§ **RECORDED DATA**
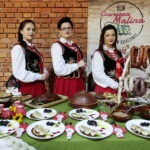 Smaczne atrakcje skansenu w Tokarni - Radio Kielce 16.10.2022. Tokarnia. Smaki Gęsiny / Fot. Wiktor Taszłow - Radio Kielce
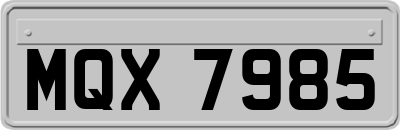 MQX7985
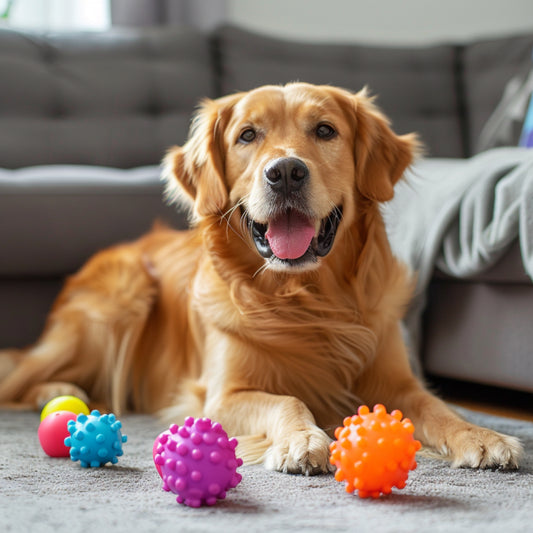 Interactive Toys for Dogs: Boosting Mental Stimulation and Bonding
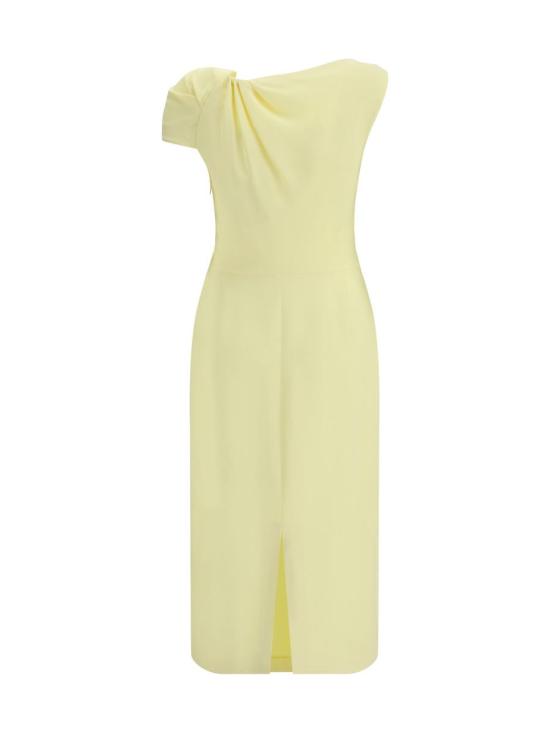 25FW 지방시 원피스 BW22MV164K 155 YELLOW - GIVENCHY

§ **TASK REQUIREMENTS**
All of the listing above has to be reproduced exactly, though without its images.

§ **TASK ANSWER**
 Smaczne atrakcje skansenu w Tokarni - Radio Kielce 16.10.2022. Tokarnia. Smaki Gęsiny / Fot. Wiktor Taszłow - Radio Kielce
 MQX7985
 Interactive Toys for Dogs: Boosting Mental Stimulation and Bonding
 25FW 지방시 원피스 BW22MV164K 155 YELLOW - GIVENCHY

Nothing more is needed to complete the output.